A man true to his Southern roots, Stephenson grew up on a family farm near Benson, attended UNC-Chapel Hill and later the Universities of Pittsburgh and Wisconsin. From the richness of his voice when he reads his poetry one can also detect his time as a Smithfield radio station disc jockey back in his college undergraduate days.
Following graduation, Stephenson spurned law school, but continued a career in academia as a professor at both Campbell University (nee College) and UNC-Pembroke, from which he retired in 2010.
Along the way Stephenson published his first book of poetry in 1972 and his library of work has now reached 15 titles, as well as an anthology of North Carolina poets. This past year he was inducted into the North Carolina Literary Hall-of-Fame.

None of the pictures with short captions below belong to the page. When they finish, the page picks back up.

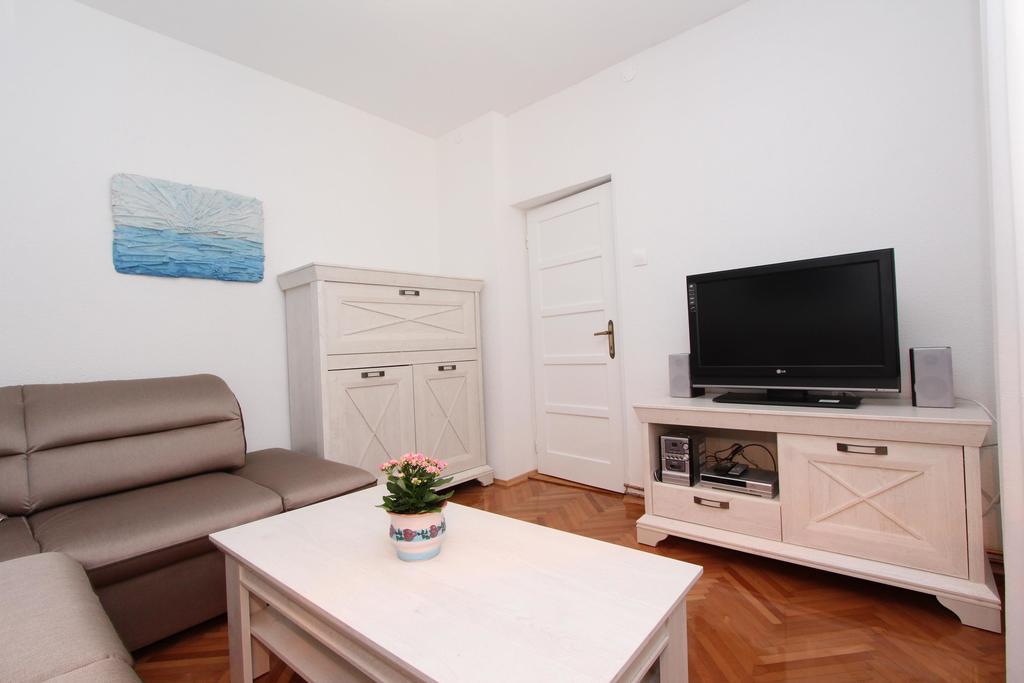 Guest House Aurora Ровинь Экстерьер фото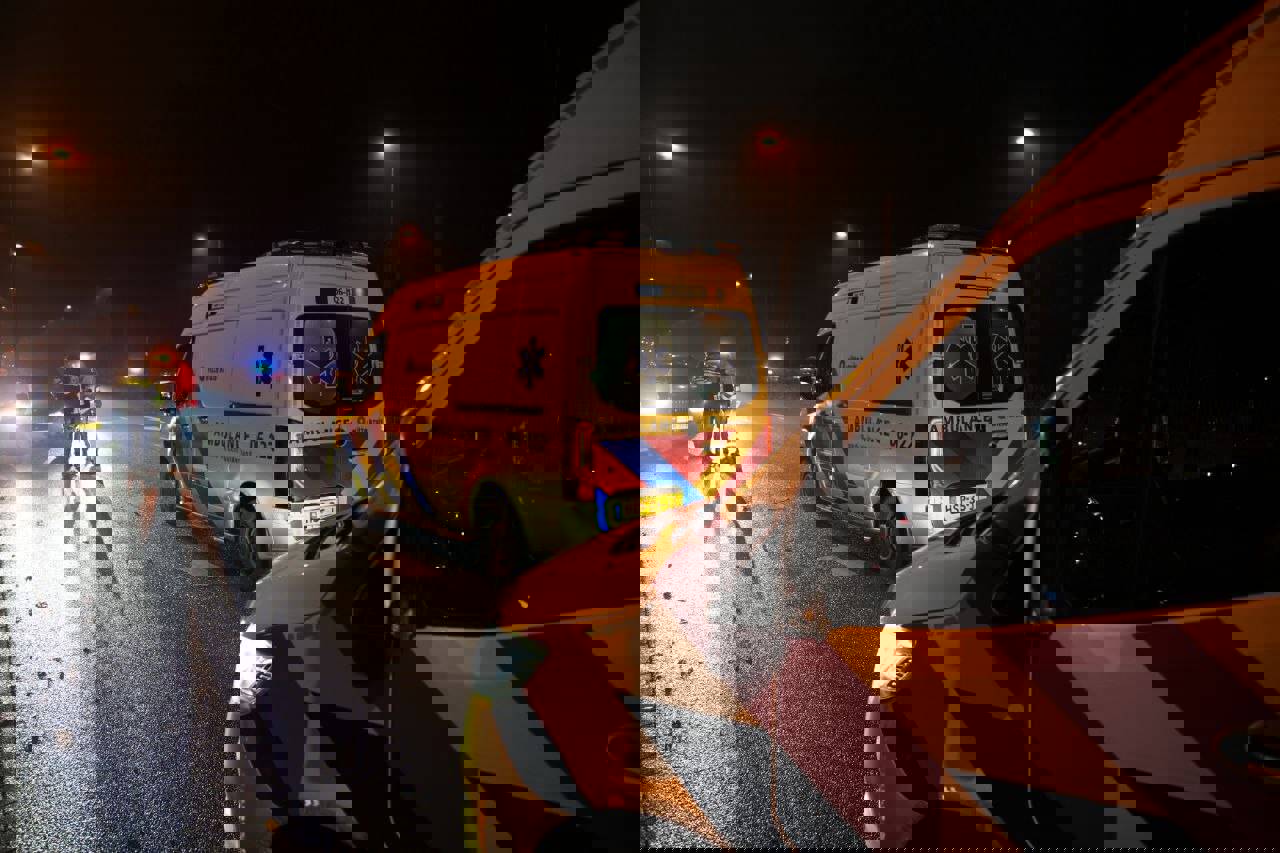 Persoon aangereden met auto, bestuurder rijdt door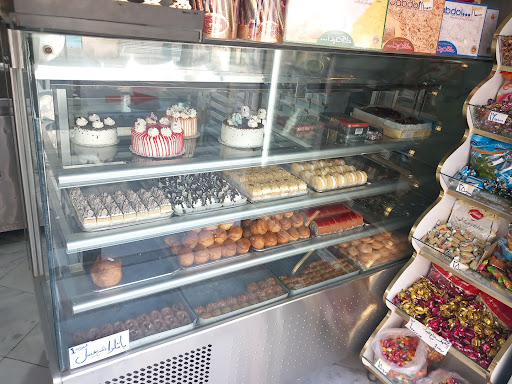 شیرینی فروشی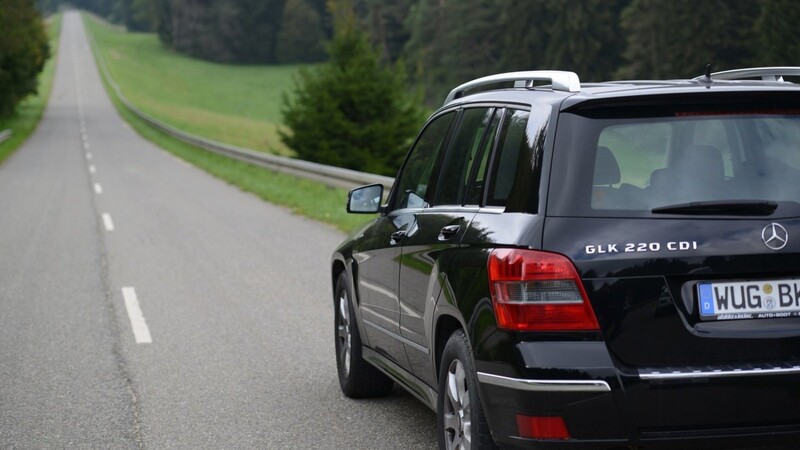 Das Kraftfahrt-Bundesamt (KBA) hat am 21. Juni einen amtlichen Rückruf von rund 60.000 Dieselautos des Modells Mercedes-Benz GLK 220 CDI angeordnet. (Symbolbild)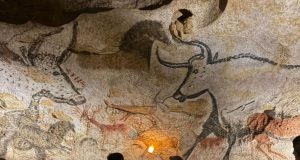 Lascaux au cœur de la guerre Une visite de Lascaux à deux voix pour reconstituer l'ambiance de 1940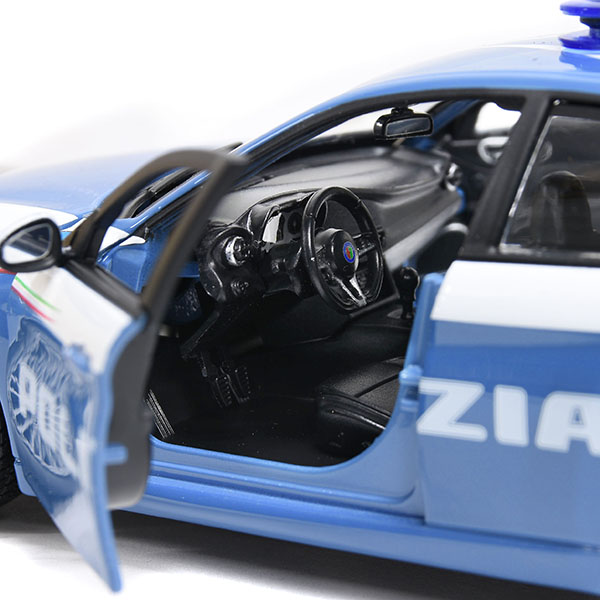 1/24Alfa Romeo GIULIA Miniature Model(POLIZIA)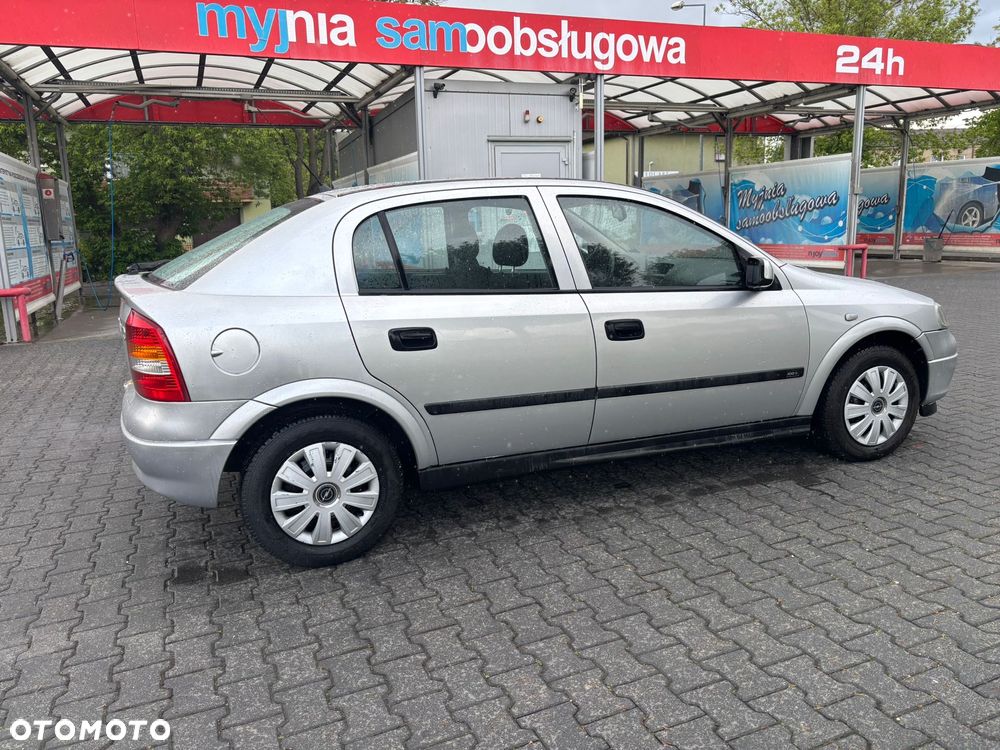 Opel Astra 1.6 16V 100 - 12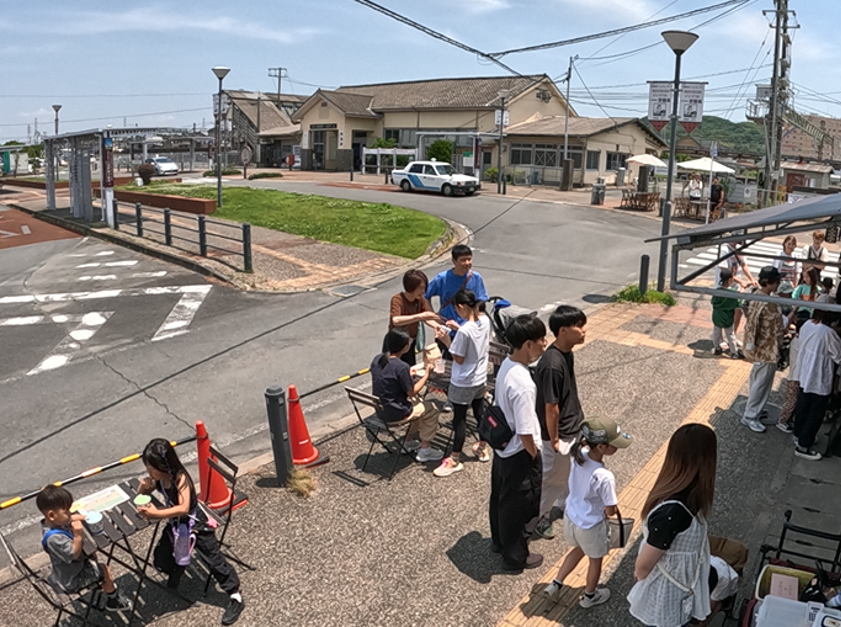賑わい風景.png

In December, Governor Pat McCrory appointed Stephenson as the state’s Poet Laureate; traditionally a lifetime appointment, but later changed to a two-year term.
“He has the title – as does Hank Williams – of being the ‘Hillbilly Shakespeare’, or being the North Carolina Dylan Thomas,” said Jenkins Library branch manager Sarah Davis by way of introduction. “We are a very fertile ground for writers.”
Stephenson is said to have such a marvelous gift for language so connected to the landscape of his birth, and he so eloquently writes of it, that there are few comparisons to his work. His story-telling isn’t a rambling style, it just sort of meanders along until it reaches whatever point he’s trying to make.
“He writes about things people want to read about because they are really ordinary, earthy topics that speak to, for, about, and from the land,” said Davis. “His poetry is more of a story and his writing about the writing is better than the writing itself.”
Stephenson told a brief joke of how he dropped the telephone and nearly fell out of bed when he received the early morning call from the governor about his appointment. Later he read an Easter poem by Pulitzer Prize winner, Theodore Roethke, a collection of nonsense poems and light verse.
“Funny thing about a chair, you hardly ever think it’s there,” he read in a vivid baritone voice. “To know a chair is really it, you sometimes have to go and sit.”
Stephenson saved his best moments of the morning reflecting on the research he had done for his Johnston County family roots back to the 17th century.
“It’s not easy, but it’s worth doing,” he says. “I got interested in family because I write about it.”
Part of his research included the genealogy of slaves owned by his ancestors, some of whom are buried on his family land. His homage to a 10-year old slave girl, whom his great-great grandfather sold for $413.23 in 1851, became a 2008 long poem called ‘Family Matters: Homage to July, the Slave Girl’.
“I saw a copy of the citation of her bill of sale that I got from my sister in 2005, and I put a partial copy of that bill of sale on the front cover of my book because that was all I could find,” Stephenson recalled.
In trying to trace the slave’s history, Stephenson searched slave records, but to no avail until a friend found the bill of sale and sent it to him.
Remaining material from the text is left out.